Produire et vendre moins cher, c’est rendre plus accessible. A quel prix finalement ?
Que dire d’une société qui accepte de ne pas payer ses agriculteurs suffisamment pour qu’ils vivent, quand il s’agit de trois centimes de plus par litre de lait ?
Que dire d’entreprises qui – sous couvert de modernité, de praticité et de prix bas – détruisent de la valeur humaine en imposant l’auto-entreprenariat aux gens qui travaillent pour elles ?
Et que dire du marketing du « moins cher », si ce n’est que l’on est au degré zéro du marketing ? Voire de non-marketing.
Le marketing devrait être là pour valoriser une proposition, pour promouvoir sa valeur ajoutée… et justement pour justifier un prix.
Nous sommes capables de payer parfois beaucoup plus que la valeur réelle pour des marques qui nous font rêver, mais plus personne ne veut mettre le prix minimum suffisant pour que d’autres produits ou services soient correctement rémunérés. Et ceci, parce que nous avons trop à acheter, trop à consommer, trop pour notre pouvoir d’achat.
Bien sûr, pour une part de la population, la question de prix est une question de survie au quotidien. Mais pour l’autre partie, la question n’est pas la survie mais l’envie de consommer encore plus, encore moins cher. C’est un vouloir d’achat qui peut être sans fin parce que constamment frustrant par essence.
Il est temps de reposer l’équation entre coût-valeur-prix, de regarder véritablement le montant des choses et des services, la structure de leur valeur, d’en faire la pédagogie et remettre ce sujet au cœur de la communication.
Combien ça coûte en matière première, combien ça coûte en temps de travail, combien ça coûte en transport, combien ça coûte en diffusion, combien ça coûte en marge pour les gens qui s’en occupent et doivent gagner leur vie en nous apportant ce service ? Et combien cela apporte en qualité, en satisfaction réelle, en durée d’utilisation, en plaisir ? Alors au final, on approchera le prix de vente réaliste. Certaines marques aux démarches éthiques expliquent ainsi pourquoi leurs produits doivent être vendus à tel niveau de prix. D’autres remettent en cause les soldes en revendiquant un prix juste toute l’année. Ce sont des pistes intéressantes.

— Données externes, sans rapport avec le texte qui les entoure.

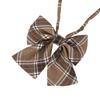 Cravattino a Righe a Quadri Marrone Papillon Pre-annodato per Uniforme Scolastica Giapponese JK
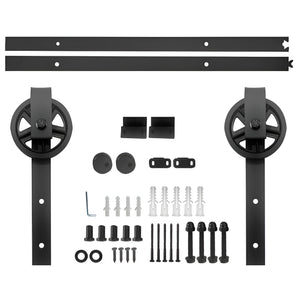 SuaTools - 150cm Carbon Steel Single Barn Door Sliding Track Kit - Black
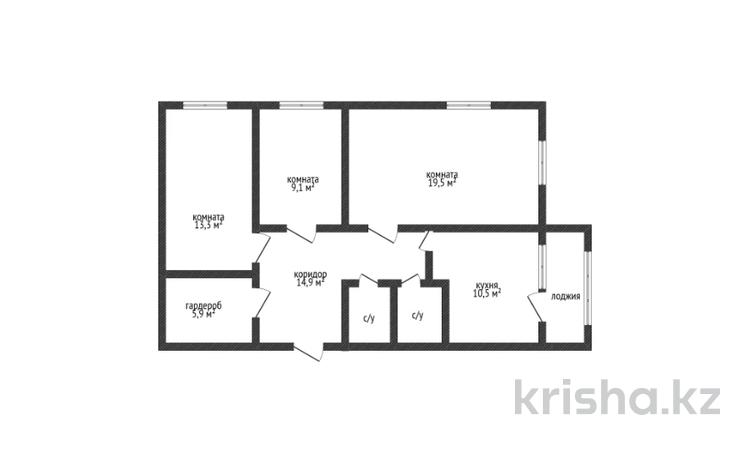 3-комнатная квартира · 80 м² · 4/5 этаж, гашека 2/3 за 52 млн ₸ в Костанае — фото 2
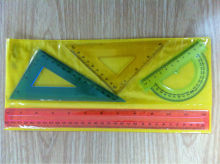 30cm plastic ruler triangle protractor set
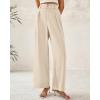 imageBTFBM Women Wide Leg Dress Pants 2025 High Waisted Button Pleated Business Casual Trousers Office Work Palazzo PantsBeige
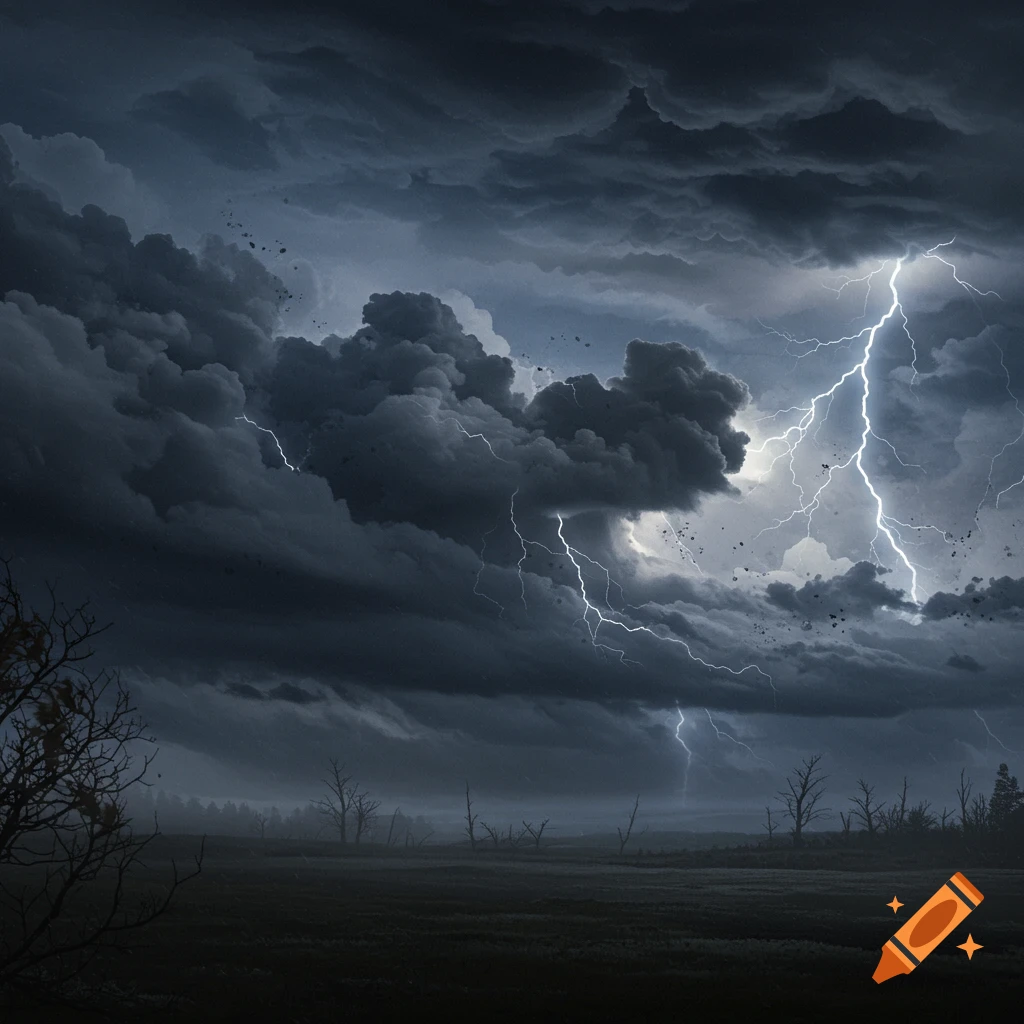 A stormy landscape with dark clouds, lightning, and bare trees.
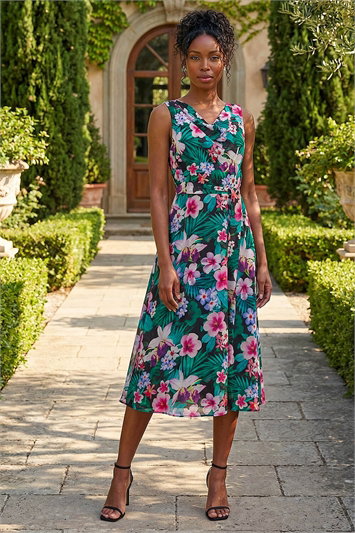 Blue Floral Print Chiffon Cowl Neck Dress
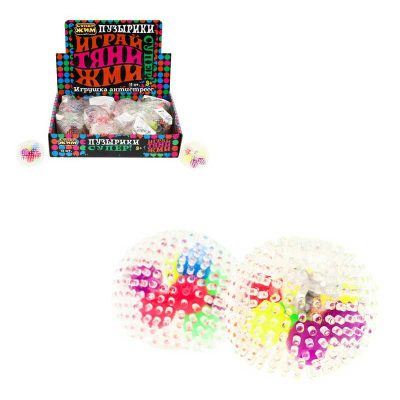 JD0610-RU Игрушка жмяка Со светом, мяч, 6см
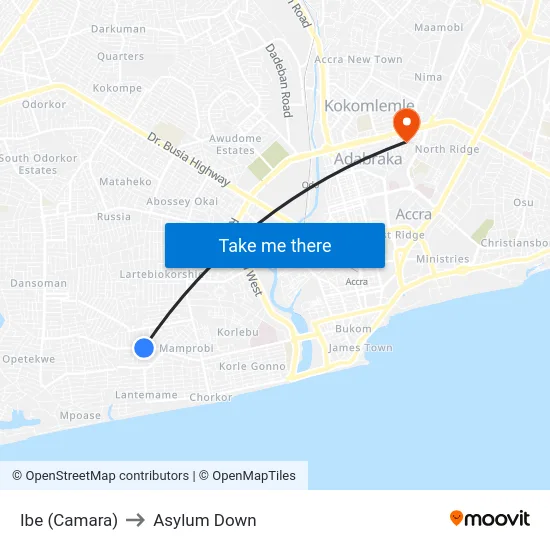 Ibe (Camara) to Asylum Down map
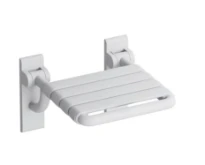 HEWI siège relevable ,B=345mm,L=408mm, ed. mat, blanc de sécurité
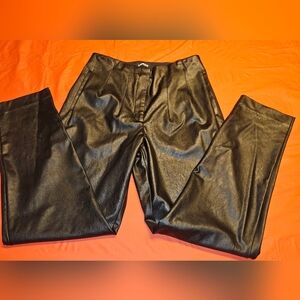 Express Black Faux Leather Pants sz4R New w/Tag Ankle Length 28" High Rise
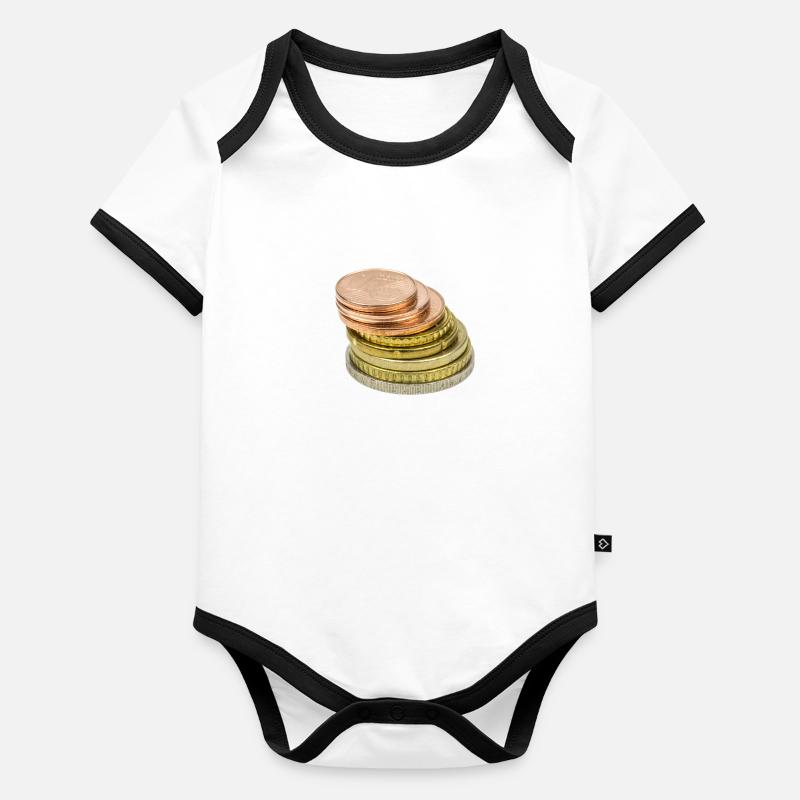 euro cent Body Bébé bio contrasté manches courtes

La valeur des biens, du temps et des compétences n’est pas que symbolique ou émotionnelle ou “quand c’est moins cher, qui paie la facture (environnementale, sociale,…) à ma place ?“
On a beaucoup dit : “quand c’est gratuit c’est vous le produit“. Aujourd’hui on doit s’interroger : “quand c’est moins cher, qui paie la facture (environnementale, sociale,…) à ma place ?“.
Un des défis du marketing qui a pour ambition d’être responsable, c’est de commencer par justifier, expliquer, faire ou refaire la pédagogie de la valeur, faire la pédagogie du respect du travail de l’autre. Nous devons nous confronter à la réalité du coût des biens, du temps et des compétences. Sans oublier qu’elle peut aussi être symbolique ou émotionnelle. Un vrai défi pour les professionnels de la communication et du marketing d’aujourd’hui.